Thirdly, most of the complainants and Opposite Parties are daily breadwinners and not hailing from multinational companies. Sometimes the opposite parties are mere labourers of firms and companies working for low wages. In some cases, they are persons appointed on contract basis. There may be a situation where the shops of the Opposite parties may be closed due to unexpected incidents or natural calamities. It is the common practice of entrepreneurs to issue all communications in the name of their employees by giving them a fancy designation. They easily dismiss them from service without even giving notice. Such employees, while struggling for their daily bread, would have the Police after them with a warrant from the Consumer Court. They may rush to the appellate court with an appeal explaining the reason for their non appearance citing genuine reasons and saying that they were the mere employees of that institution once. Even in such cases the courts have no option, by virtue of this ruling, except to throw their defence to the waste bin and to proceed with the case.
The Consumer Protection Act is a beneficial legislation stipulating no specific procedure for redressing the grievances under it. It is simple, inexpensive, cost less, speedy and efficacious. Because of these golden features the complainants and opposite parties are directly approaching and appearing before it without the assistance of a legal professional. They won’t know the rigid procedure contemplated by the Apex Court. Indeed, the ignorance of the law is not an excuse. But prompt appearance without filing the response in time can be taken with a liberal view. In Inderpreet Singh Kahion v. State of Punjab & Ors. (2006 (3) KLT SN 21 (C.No.34 (SC)) our Apex Court held that it is the well-settled principles of law that justice should not only be done but manifestly also seen to be done. In the People’s Union For Civil Liberties v. Union of India it was held that “When there are more aspects of public interest to be considered, the Court will be in a better position to decide whether the weight of public interest predominates.” While considering the public interest no aggrieved person will be pushed out from the line of justice without allowing him to be heard.

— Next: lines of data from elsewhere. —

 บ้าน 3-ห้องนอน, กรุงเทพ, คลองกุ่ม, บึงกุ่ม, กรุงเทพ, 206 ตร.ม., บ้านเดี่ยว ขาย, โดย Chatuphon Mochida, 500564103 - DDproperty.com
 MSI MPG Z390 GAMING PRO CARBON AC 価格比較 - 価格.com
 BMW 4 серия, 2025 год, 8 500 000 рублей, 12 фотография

Therefore, the need to either reconsider the matter by a larger bench of the Apex Court or revamping the Consumer Protection Act is highly necessary. Expecting that voluntary associations may moot this issue before the Apex Court.
Another suggestion is that the legislature may add a proviso to Section 13(2)(a) of the Act that “provided that the District Commission may entertain a version after the period specified if it is satisfied that he had sufficient cause for not filing the version within such period, provided also that the National Commission, the State Commission or the District Commission, as the case may be, shall record its reasons for condoning such delay.
A justice without heeding the aggrieved is not justice but injustice.
Therefore, it is absolutely necessary to reconsider the judgement dated 04.03.2020 in New India Assurance Co. Ltd v. Hilli Multipurpose Cold Storage Pvt. Ltd. (2020 (3) KLT 59 (SC) = 2020 (2) KLT OnLine 1003 (SC)), as it is too rigid an approach and would breed injustice.